Afterward, the nurigome remained as sword rooms in imperial palaces, and as a formality in samurai residences until the Edo period, but they were never used as bedrooms and were instead used as storerooms for valuables. The practice of creating a closed-off section in a dwelling to store things gradually spread to commoners, leading to the term "nando" being used to refer to such spaces.

==Naming and usage==
According to regulations certified by the Fair Trade Commission and applied by Japan's Real Estate Fair Trade Council Federation, spaces that do not meet the criteria for living rooms under building standards, due to insufficient openings (such as windows) resulting in inadequate lighting and ventilation, or low ceiling height, are designated as "nando."

In real estate, the initial "S" from "service room" or "spare room" is used to denote nando in floor plans. For example, floor plans including rooms that do not fulfill the requirements for "3LDK" (three bedrooms, living room, dining room, and kitchen) might be labelled as "2SLDK" (two bedrooms, "spare room" or nando, living room, dining room, and kitchen). This is done with the aim of appealing to potential buyers, indicating that while these spaces cannot be classified as living rooms due to regulations, they may still be utilized as living spaces if overlooking deficiencies such as insufficient lighting. This serves to differentiate them from spaces like oshiire, which are clearly designated for storage only.
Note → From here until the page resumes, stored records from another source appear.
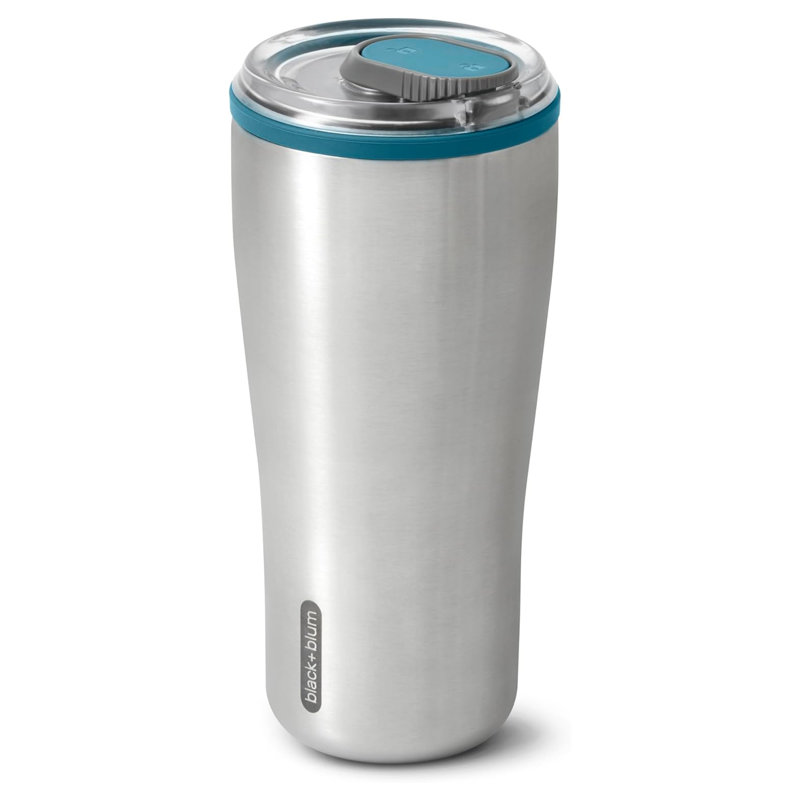 Insulated Travel Tumbler 600ml, Blue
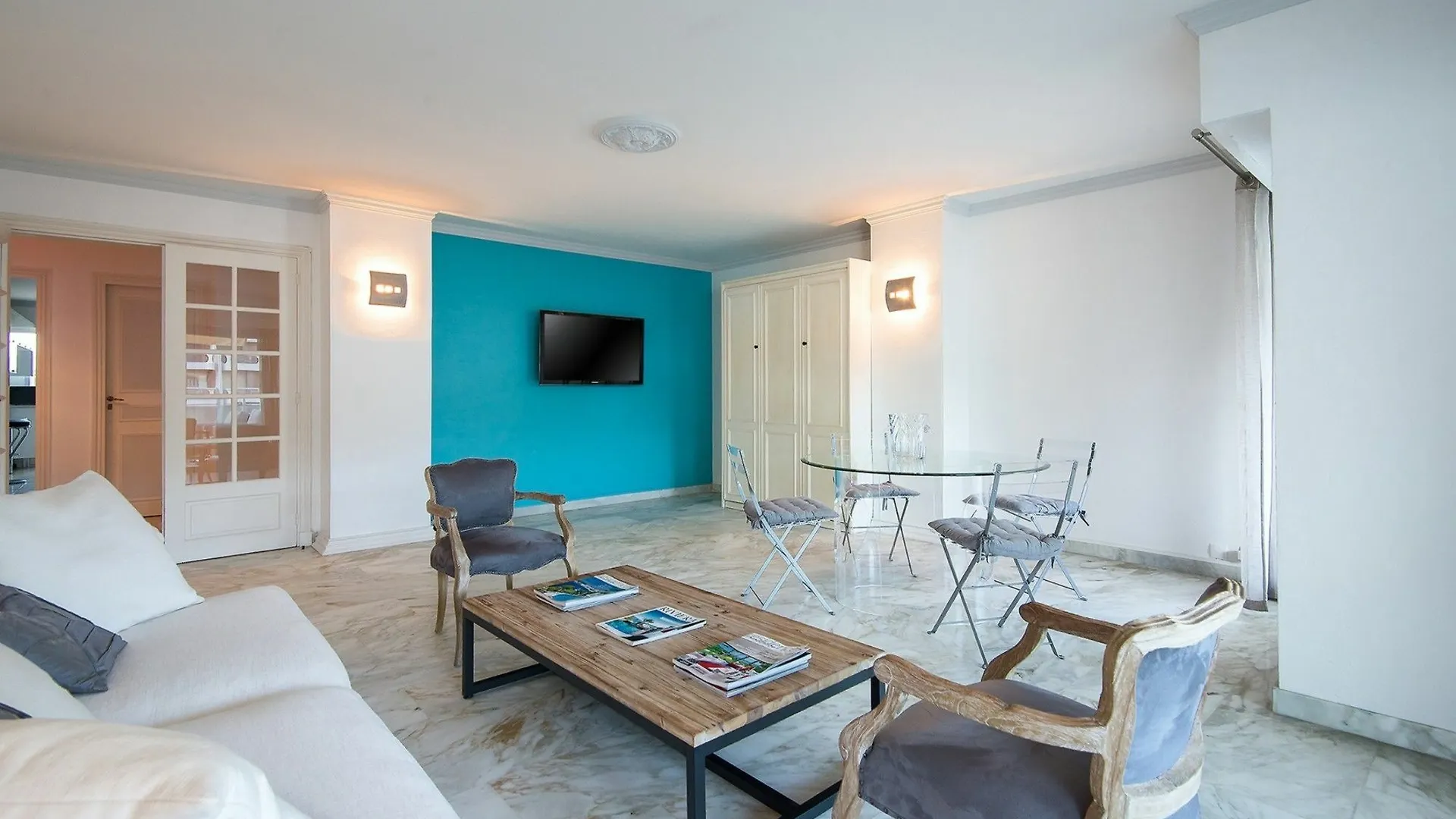Apartment Steva Rentals - Vue Mer - 100M Croisette Et Plages Cannes France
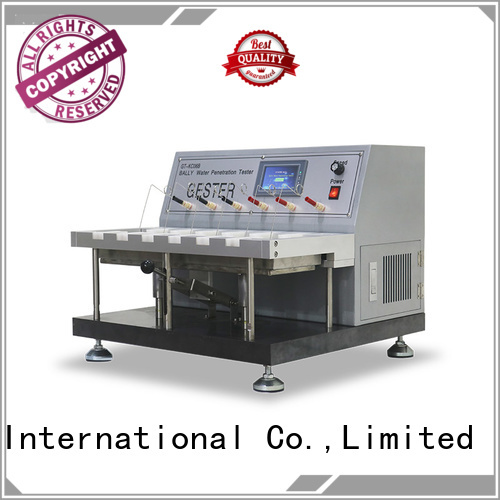 GESTER computerized universal testing machine manufacturer for textile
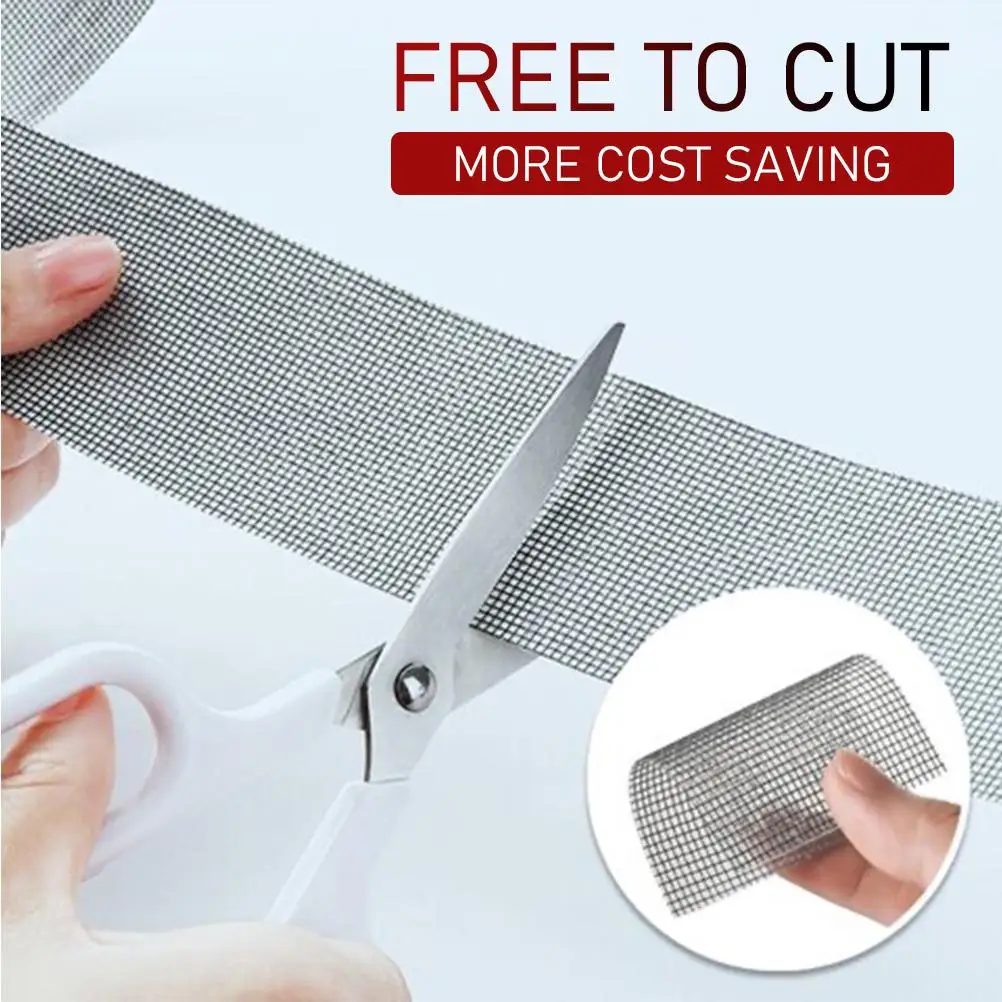 Сетчатая наклейка для ремонта экрана двери окна многофункциональная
Alternatively, they may be labelled as "utility space," "utility room," or "multipurpose room."

In households with few rooms, spaces measuring around 3 to 4.5 tatami mats are often used as children's rooms or studies.

Additionally, the traditional use of these spaces as bedrooms has continued even after they became known as "storerooms." In some rural areas of Japan, these spaces might still be referred to as bedrooms.